Ouverture des données produites dans le cadre de délégations de service public. Pour tous les contrats de délégation de service public conclus ou reconduits après la promulgation de la loi numérique, le prestataire retenu devra fournir aux pouvoirs publics « les données et bases de données collectées ou produites à l'occasion de l'exploitation du service public », et ce « dans un standard ouvert aisément réutilisable ». Le délégataire autorisera également les autorités « à extraire et exploiter librement tout ou partie de ces données et bases de données, notamment en vue de leur mise à disposition à titre gratuit à des fins de réutilisation à titre gratuit ou onéreux ». Seul hic : ces dispositions prévaudront par principe, « sauf stipulation contraire », ce qui laissera la porte ouverte à de nombreuses exceptions...

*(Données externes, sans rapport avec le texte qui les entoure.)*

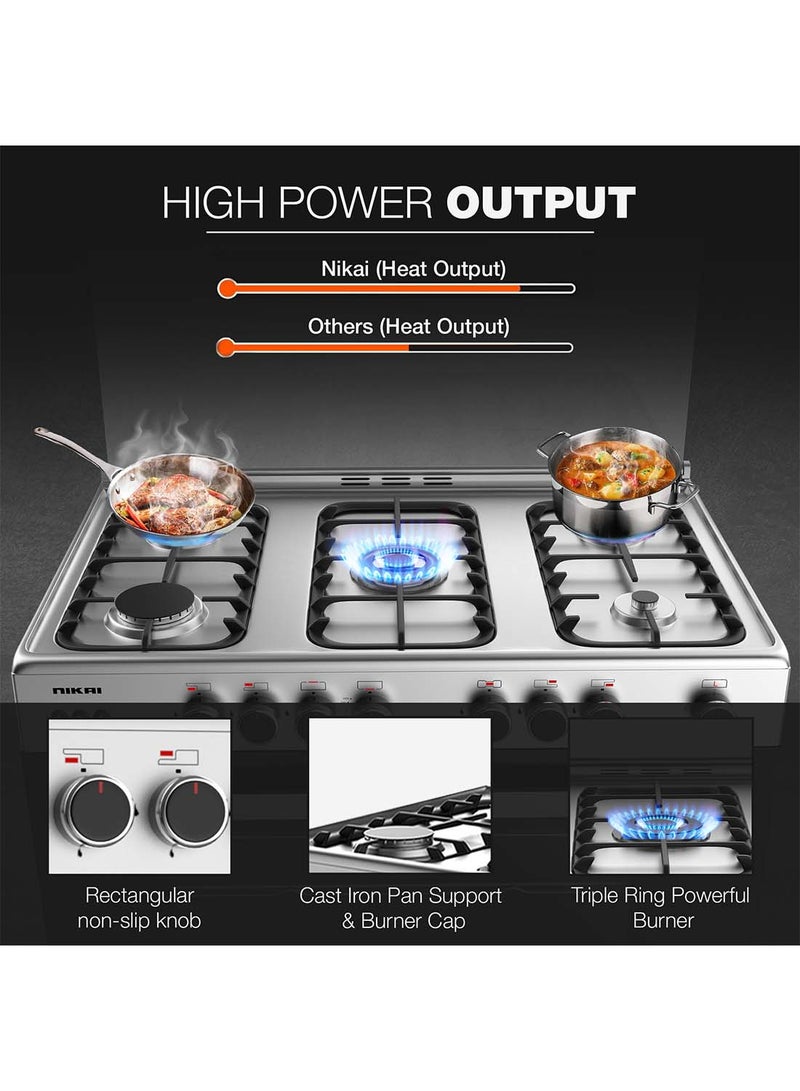 NIKAI 90x60cm 5 Burner FreestAnding Gas Cooker With Original Italian oven And grill, Full safety, Auto-Ignition For Burners, Grill And oven, Cast Iron Pan Supports, Timer, Turnspit, Made in Egypt U6090EG Silver - Image 4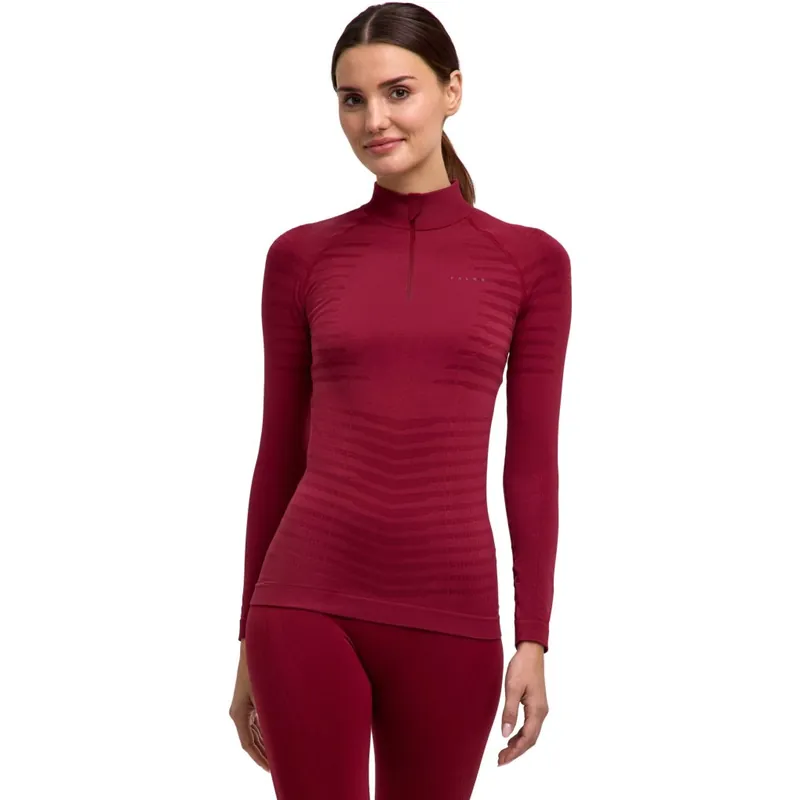 Falke Maximum Warm Half-Zip Langarmshirt Damen - merlot 8117 Super-Preis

Ouverture des données produites grâce à des subventions publiques. Dans le même état d’esprit que pour les délégations de service public, l’avant-projet de loi Lemaire permet aux autorités attribuant une subvention (ministères, villes, régions...) d’intégrer une clause selon laquelle l’organisme bénéficiaire « fournit, dans un standard ouvert aisément réutilisable, les données et bases de données collectées ou produites dans le cadre de l’action subventionnée ». Encore une fois, il ne s’agit que d’une simple faculté mise à la disposition des personnes publiques. Celle-ci ne pourra en outre être activée que pour les enveloppes d’un montant annuel supérieur à 23 000 euros (seuil déclenchant la formalisation de la subvention).
On note toutefois un effort en faveur de la transparence : les acteurs publics accordant de tels coups de pouce seront tenus de rendre « accessible, sous un standard ouvert aisément réutilisable, les données essentielles de la convention de subvention, dans des conditions fixées par voie règlementaire ». On peut ainsi imaginer qu’il sera facile de comparer ensuite les villes distribuant le plus de subventions ou, inversement, les associations qui reçoivent le plus d’aides, etc.
Meilleur accès aux travaux de recherche financés par des fonds publics. Les éditeurs ne pourront plus s’opposer à ce que des écrits scientifiques ayant été financés « au moins pour moitié par des fonds publics » soient mis en ligne gratuitement par leurs auteurs, dès lors que la publication numérique en question ne donne lieu à aucune exploitation commerciale. La durée d’exclusivité serait en ce sens limitée à 12 mois pour les publications relatives aux sciences « dures » (médecine, techniques...), contre 24 mois pour travaux de sciences humaines et sociales.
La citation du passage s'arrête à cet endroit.